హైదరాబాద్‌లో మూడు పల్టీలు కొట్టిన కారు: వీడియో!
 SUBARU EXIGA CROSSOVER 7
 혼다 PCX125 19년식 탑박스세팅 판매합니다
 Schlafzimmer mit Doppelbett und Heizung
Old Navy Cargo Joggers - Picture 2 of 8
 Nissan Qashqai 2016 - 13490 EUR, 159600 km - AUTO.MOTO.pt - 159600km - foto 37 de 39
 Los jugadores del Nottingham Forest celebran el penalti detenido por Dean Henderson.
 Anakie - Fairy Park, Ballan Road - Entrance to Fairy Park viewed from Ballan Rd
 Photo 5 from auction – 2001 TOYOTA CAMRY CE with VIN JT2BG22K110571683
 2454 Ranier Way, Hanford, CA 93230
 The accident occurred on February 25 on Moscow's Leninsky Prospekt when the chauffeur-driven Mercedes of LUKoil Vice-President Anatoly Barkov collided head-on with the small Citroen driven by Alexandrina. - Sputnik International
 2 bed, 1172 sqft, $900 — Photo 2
════════════════
Task ->
The response has to match the data exactly, line for line.

Task result ->
హైదరాబాద్‌లో మూడు పల్టీలు కొట్టిన కారు: వీడియో!
 SUBARU EXIGA CROSSOVER 7
 혼다 PCX125 19년식 탑박스세팅 판매합니다
 Schlafzimmer mit Doppelbett und Heizung
Old Navy Cargo Joggers - Picture 2 of 8
 Nissan Qashqai 2016 - 13490 EUR, 159600 km - AUTO.MOTO.pt - 159600km - foto 37 de 39
 Los jugadores del Nottingham Forest celebran el penalti detenido por Dean Henderson.
 Anakie - Fairy Park, Ballan Road - Entrance to Fairy Park viewed from Ballan Rd
 Photo 5 from auction – 2001 TOYOTA CAMRY CE with VIN JT2BG22K110571683
 2454 Ranier Way, Hanford, CA 93230
 The accident occurred on February 25 on Moscow's Leninsky Prospekt when the chauffeur-driven Mercedes of LUKoil Vice-President Anatoly Barkov collided head-on with the small Citroen driven by Alexandrina. - Sputnik International
 2 bed, 1172 sqft, $900 — Photo 2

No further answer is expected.